In any case, we did not spend much time with my father’s parents and there was never a real life model for grand-parenting.  When I had children, both my mother and my husband’s mother proved themselves to be exceptional grandmothers.  We had a “poppa” and a “grampa”.  Grampa was my dad and he made himself scarce while my kids were growing up.  He followed his parent’s model of grandparenting and tried to stay away.  The other 3 grandparents were excellent and the grandmothers took care of everything from Christmas eve until Easter morning.  The only holiday I was allowed to hostess was Thanksgiving.  I made dinner for everyone on both sides of the family, indeed, we cooked for forty.

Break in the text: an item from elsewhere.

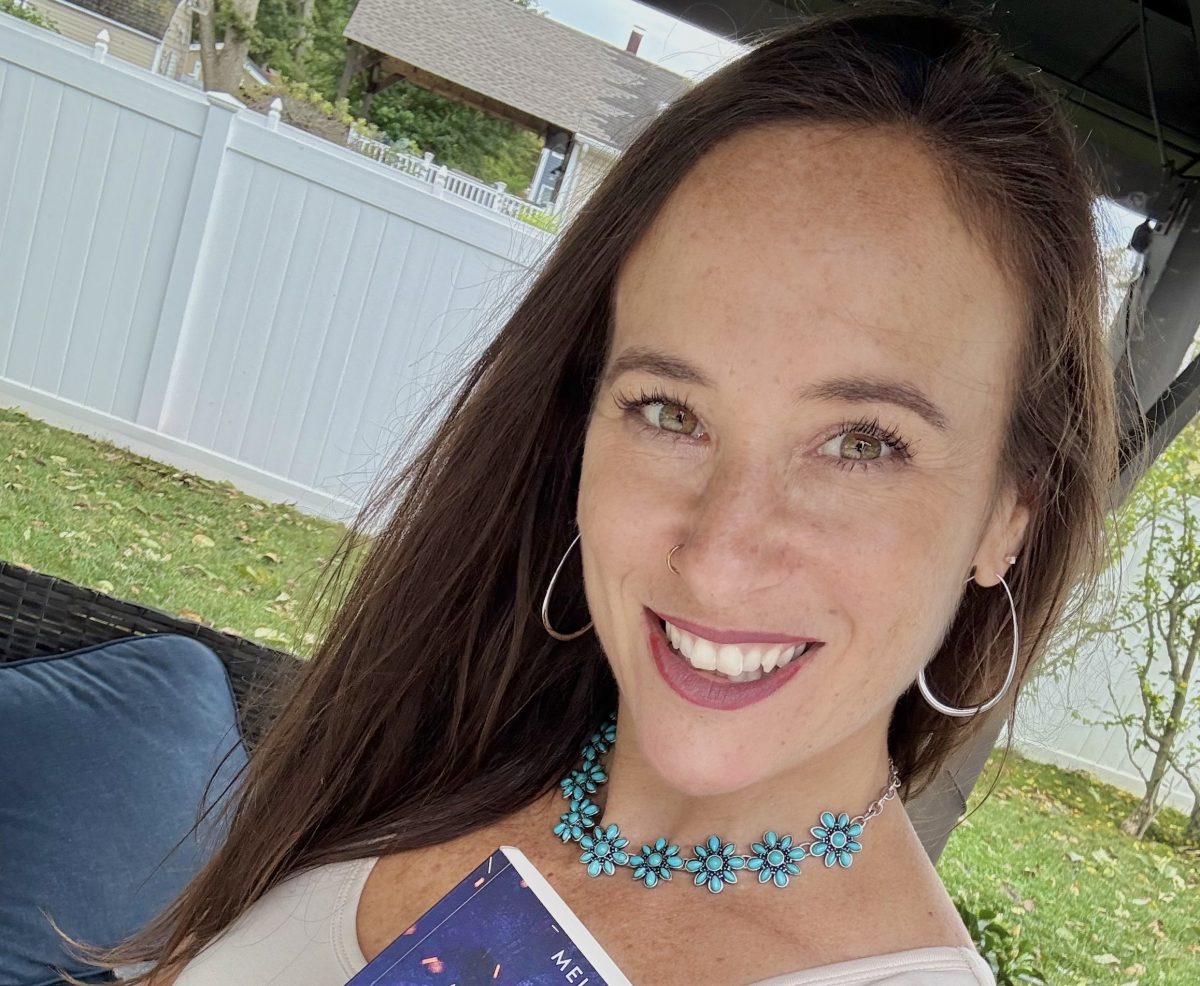 A teacher in the Levittown School District has released her newest book "Embers and Ash."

My mother died quite suddenly in 1996 and from that time until my kids’ father died of his one and only heart attack in January of 2007, and my father died in November of 2007, all of our grandparents passed away.

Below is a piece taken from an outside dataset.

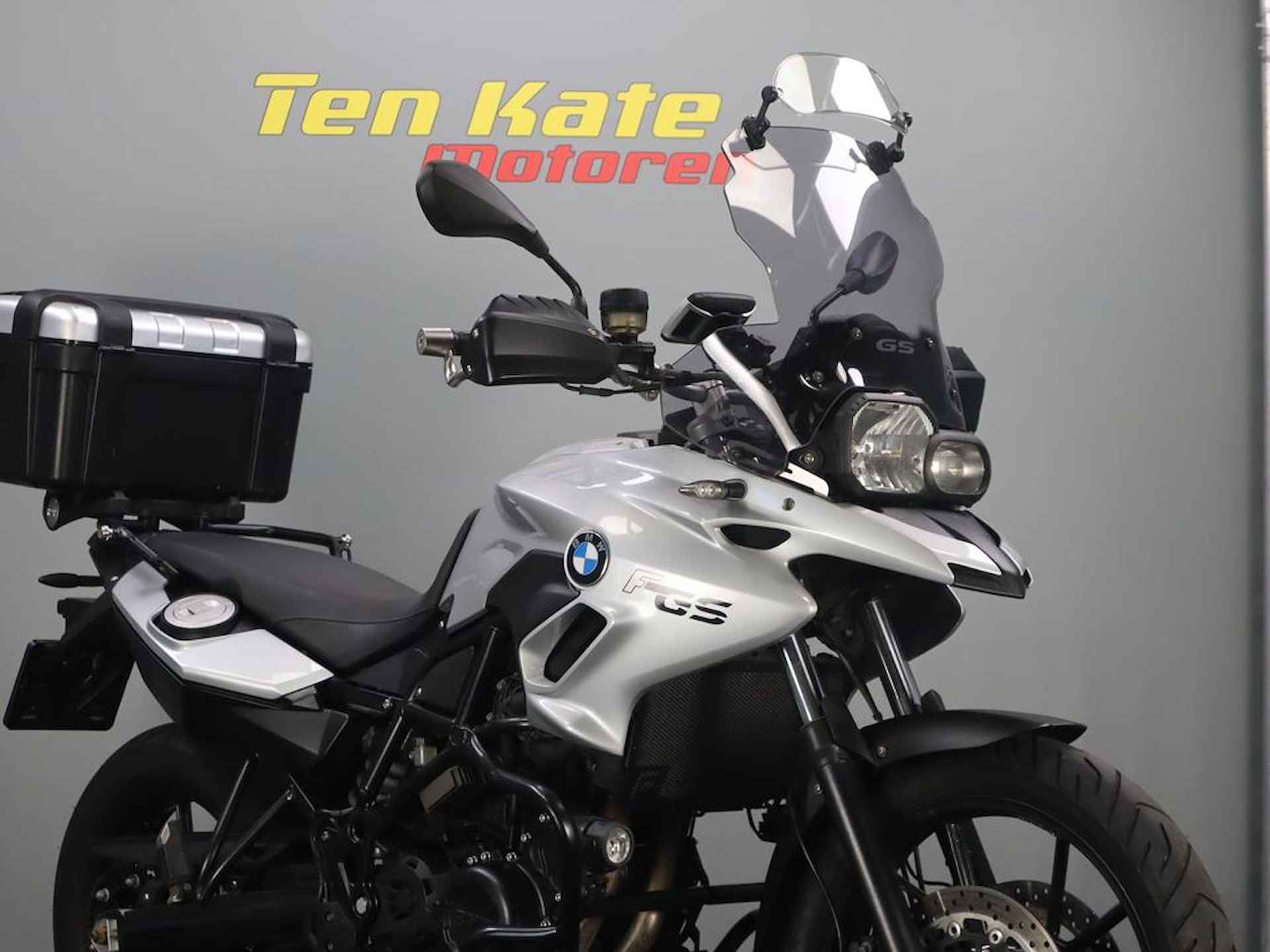 BMW F 700 GS ABS ESA ASC - 4/13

Matriarchy wasn’t a plan, or a cultural thing, it’s just that our kids saw women as managing everything.  We dominated where they went and what they did.  We were in charge.  I worked very hard to keep my family together and to make sure that everyone was supported lovingly into adulthood.  Because I had such great role models, I also worked very hard at grand-parenting.  Indeed, I felt that my mothers had been giants.  I often felt inadequate, and of course, I was alone.  After my divorce in 2001, I had not been willing to remarry, instead focusing hard-core on my career, a luxury I had never had in my life.

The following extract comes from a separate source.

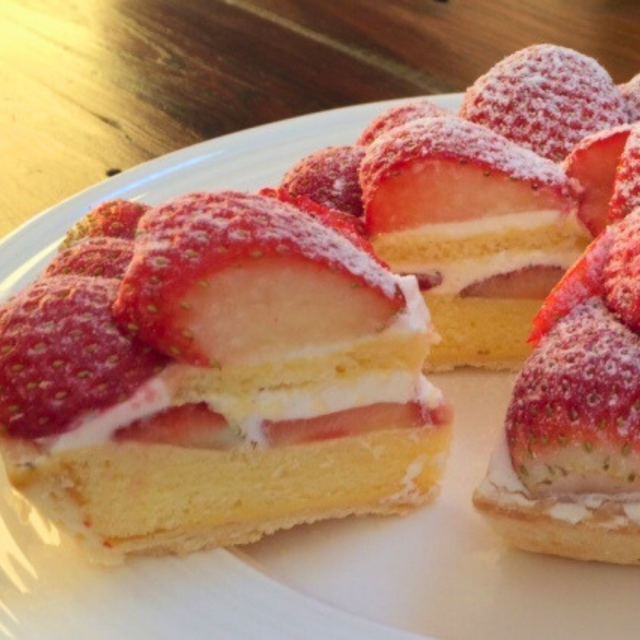 いちごの里タルト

Okay, so then I married a man who is perfect for me.  He is a “poppy”.  Since we had a “poppa” when the girls were young, I can understand a “poppy”.  I relate!  So while we are preparing for the wedding my faraway daughters come to stay and therefore our grandchildren at-home multiplied.  We have five grandsons born since June of 2009.  Jaxsun is the oldest of this group, born on 6/6/09.  My new husband loves these small people and they love him.  As we prepare for our wedding these little people are under our feet constantly.   They clean out the lower kitchen cabinets, gleefully allowing pots to drop onto the ceramic tile floor, they rampage through the house screaming and they ‘try’ every door and window, trying to escape, but who knows what they are trying to escape from? 

It’s a mad house with kids screaming from 0700 to 2200 hours (so if you are medical or military that’s 15 straight hours).  Jaxsun starts calling my husband-to-be ‘brown gramma’.   So I ask him, what is a brown gramma?  So we talk and laugh about this, Jaxsun is 3 and ½ years old and he speaks quite clearly and certainly lets us know what he is thinking and feeling:  “I am berry mad right now, gramma.”  Still, he cannot tell me what a ‘brown gramma’ is.  Then Jaxsun starts calling me “Grampa”.  Now earlier, I heard his mother telling him that my new husband is a grampa, but instead of calling him grampa, Jaxsun calls me grampa.  I look at Jaxsun’s father and I think to myself, how sad.  How sad could it be that while we have lamented the lack of grandmothers in our generation, we have NOT lamented the lack of grampas? Jaxsun has no living biological grandfather.  He has no living grampa to speak to and has never, ever understood the concept of grampa.  I think that this is an oversight in my family, and I think this oversight must be corrected.  We know when grandma is gone, we cry and we grieve, but we take it for granted that yes, our grandfathers are gone and there is no one there, but we do not comment on this.  I think that this is sad.  I think that grampas must be as necessary as grammas and I think that my grandson Jaxsun and all of those grandsons that follow him should know that yes, grampas (who are male) are missed!  We need grampas!  We need them and love them as much as we need and miss and love grammas.  As long as I am here, I want to be sure that my grandsons and granddaughters love and value gramma and grampa.

What does that have to do with blended families?  Sometimes I think that we believe we know what is right and what is wrong.  We will put our beliefs on our new blended family as if our belief is the gospel of humanity.  Sometimes it takes a 3 and ½ year old grandson to show us the error of our ways!  Grampa is important and necessary, even if we come from a matriarchal family.  We will not and can not function by ourselves, alone.  Thank God for grandchildren for needing and loving both of us: gramma and grampa!